A banking correspondent’s income varies from bank to bank, says L M Deshmukh, who works in Bank of Maharashtra and is member secretary of the state-level bankers’ committee, the nodal body for the implementation of FIP. “Commissions vary from 0.15 per cent to 1.80 per cent. Bank of Maharashtra pays fixed monthly remuneration of Rs 2,500,” he says.
Dharmendra of Barkoti Kalan, however, has not received anything since he joined seven months back despite being promised Rs 12 for every account he got opened, Rs 15 for Aadhaar seeded account and 2.5 per cent commission for every transaction. Dharmendra was appointed as a banking correspondent by MPCON, IT service provider for Central Bank of India.
Tulsi Kuriy, banking correspondent at Purio panchayat, says he was promised monthly salary of Rs 2,100 and 0.3 per cent commission per transaction. “I have not received a single paisa for the last two years.”
“We are expected to be in the field from 8 am till 2 pm. After that, bank officials ask us to work at the branch office to prepare loan proposals, and vouchers and to update files. We are not paid anything for this,” says a banking correspondent who did not wish to be named.

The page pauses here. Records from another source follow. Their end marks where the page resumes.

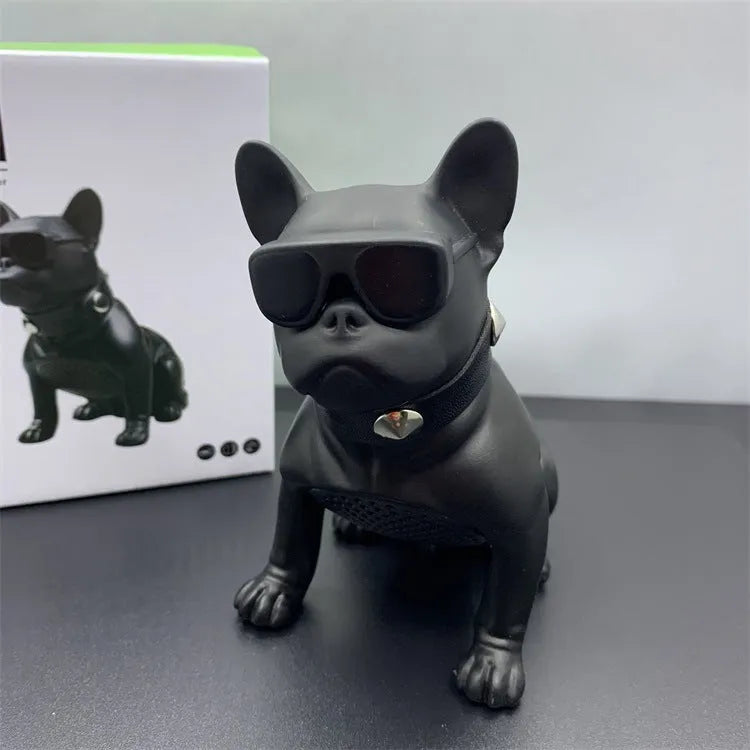 Mini bulldog-shaped Bluetooth speaker in black, red, or white colours showing wireless design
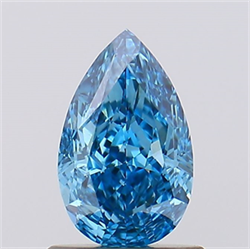 Picture of Lab Created Diamond 1.02 Carats, Pear with  Cut, Fancy Vivid Blue Color, VS1 Clarity and Certified by IGI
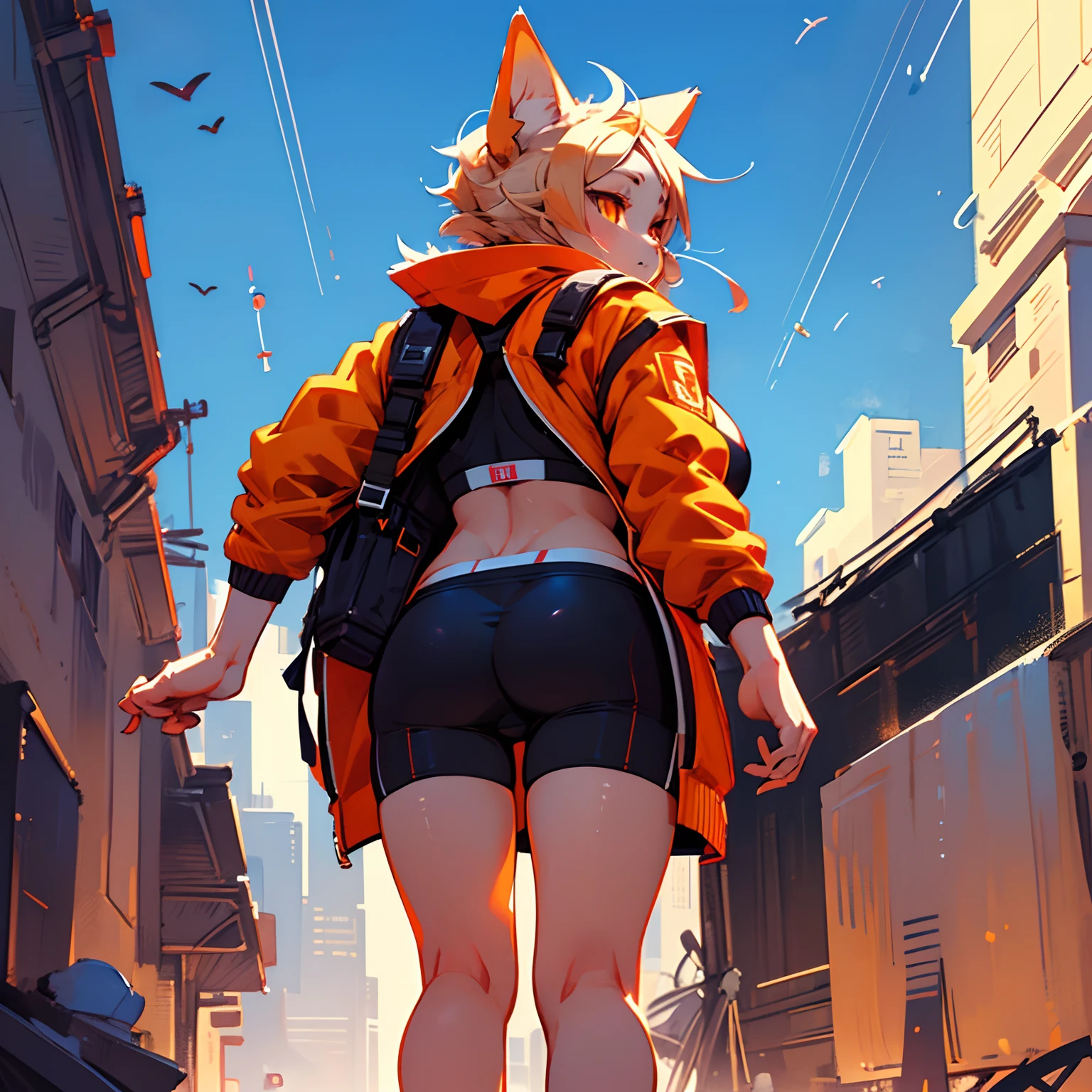 (Masterpiece), Best Quality, expressive eyes, perfect faces, furs, Female Cat Girl, B Cup Breasts, Orange Eyes, Orange Open Jacket, white body, Black sports bra, 4 fingers, 4 toes, While walking backwards, he was shot, Collapsed, back-view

Deshmukh says that the average commission of 0.4 per cent is not a bad bet for the banking correspondent. But he can earn about Rs 10,000 for 25 days’ work in a month only if his transactions are worth Rs 1 lakh daily. To make this possible, government must hasten the process of transferring remunerative subsidies on fertilisers and kerosene through direct benefit transfer. “The bulk of transactions has to go up sufficiently to make the model sustainable, and soon, before too many correspondents lose faith and quit,” he says.